The analysis of surgeons’ prescribing habits was done in collaboration with researchers at Johns Hopkins Bloomberg School of Public Health. To determine the average number of pills filled by patients within seven days of surgery, the analysis used Medicare claims data from 2011 to 2016, the most recent years available. Seven common procedures were considered: coronary artery bypass, minimally invasive gallbladder removal, lumpectomy, knee surgery, minimally invasive hysterectomy, open colectomy and prostatectomy.
For the six-year period from 2011 to 2016, and for each individual year, only surgeons who did more than 10 surgeries on Medicare patients who had not taken opioids in the prior year were included. Each surgeon’s average of pills per patient was calculated by dividing the total units of opioids filled using Medicare Part D by the total number of patients who filled them after a particular surgery. Units, referred to as “pills,” are each equivalent to a 5-milligram tablet of oxycodone. The surgeon does not necessarily write the prescription; it can be written by residents or other doctors. Some patients may have received prescriptions they did not fill, or that they filled using other insurance. Those prescriptions are not factored into this analysis.

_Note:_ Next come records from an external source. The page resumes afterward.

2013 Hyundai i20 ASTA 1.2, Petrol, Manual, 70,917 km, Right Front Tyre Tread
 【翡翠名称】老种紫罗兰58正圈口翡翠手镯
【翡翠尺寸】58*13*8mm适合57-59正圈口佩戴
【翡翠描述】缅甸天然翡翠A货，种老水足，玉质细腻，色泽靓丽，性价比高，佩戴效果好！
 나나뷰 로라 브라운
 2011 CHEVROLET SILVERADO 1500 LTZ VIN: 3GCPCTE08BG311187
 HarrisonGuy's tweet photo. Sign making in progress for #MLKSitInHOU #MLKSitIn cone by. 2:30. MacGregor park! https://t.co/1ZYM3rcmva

Averages for each surgeon over the six-year period are available online at khn.org, searchable by physician name or affiliated hospital. Surgeons’ hospital affiliations are current as of May 2018 or the most recent data available before then.
Some surgeons listed in the database who were contacted by KHN expressed criticism, saying the analysis failed to take into account key factors.
For instance, like other studies that look at claims data, it was not possible to determine whether some patients had complications or needed higher amounts of pain medication for another reason. And some surgeons had only a handful of patients who filled prescriptions, making for a small sample size.